Di luar kasus pengadaan tower, PLN juga menghadapi persoalan korupsi dalam proyek pengadaan kabel dan pekerjaan bor Horizontal Direct Drilling (HDD) untuk menanam kabel bawah tanah di sepanjang jalan-jalan besar di Jakarta. Berdasarkan hasil investigasi, anggaran untuk proyek HDD di PLN sering kali dilaporkan mengalami pembengkakan. Sebagai contoh, proyek pengadaan kabel ini menelan biaya hingga Rp12 juta per meter, sementara sejumlah subkontraktor mengungkap bahwa proyek tersebut bisa dikerjakan dengan harga jauh lebih murah, yaitu sekitar Rp5-6 juta per meter.

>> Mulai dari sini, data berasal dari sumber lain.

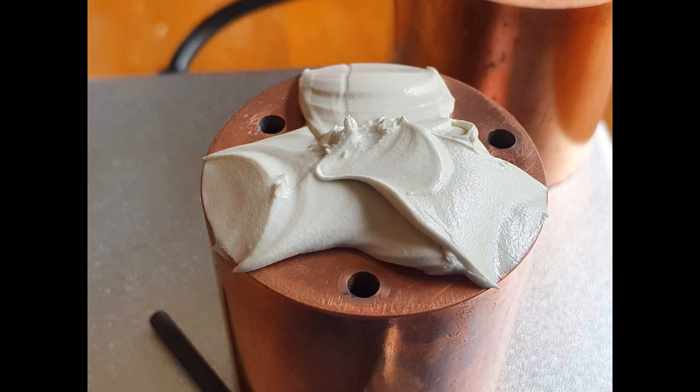Hey everyone, this is Snark with Snark's Domain. Today we're going to be testing K5 Pro viscous thermal paste on the hotplate. So let's get to it.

Indonesian Ekatalog Watch (INDECH) menyoroti adanya pembengkakan biaya dalam proyek HDD PLN di berbagai daerah Indonesia. Mereka mendesak KPK agar segera memulai penyelidikan atas proyek-proyek besar PLN antara tahun 2016 hingga 2019, termasuk proyek penanaman kabel bawah tanah yang dilakukan di Gandul-Kemang pada tahun 2022. INDECH mencurigai adanya “arisan proyek” di tubuh PLN, di mana beberapa vendor utama seperti PT Kabel Metal Indonesia (KMI), PT Sucaco, PT Berca, dan PT Prysmian Cable secara bergantian mendapatkan proyek-proyek besar di wilayah Sumatra, Jawa, Bali, hingga Makassar.
INDECH mengungkapkan bahwa pekerjaan HDD sebenarnya dapat dikerjakan dengan biaya sekitar Rp2,1 juta per meter. Hal ini terbukti dalam kasus hukum yang pernah ditangani Pengadilan Negeri Jakarta Selatan, yang mengonfirmasi bahwa subkontraktor dapat menyelesaikan proyek HDD dengan biaya jauh lebih rendah daripada harga yang diajukan PLN. Dari fakta tersebut, INDECH memperkirakan adanya mark-up sebesar Rp9 juta per meter pada proyek-proyek HDD yang dilakukan PLN di berbagai daerah.
INDECH menegaskan bahwa penyimpangan harga satuan ini dapat menyebabkan kerugian negara hingga triliunan rupiah mengingat jumlah proyek HDD yang dilakukan setiap tahunnya. Mereka berencana melaporkan kasus ini kepada KPK dengan membawa data dan bukti-bukti pendukung untuk mempercepat proses penyelidikan. Mereka juga meminta agar KPK membuka penyelidikan atas proyek-proyek yang melibatkan vendor-vendor besar tersebut.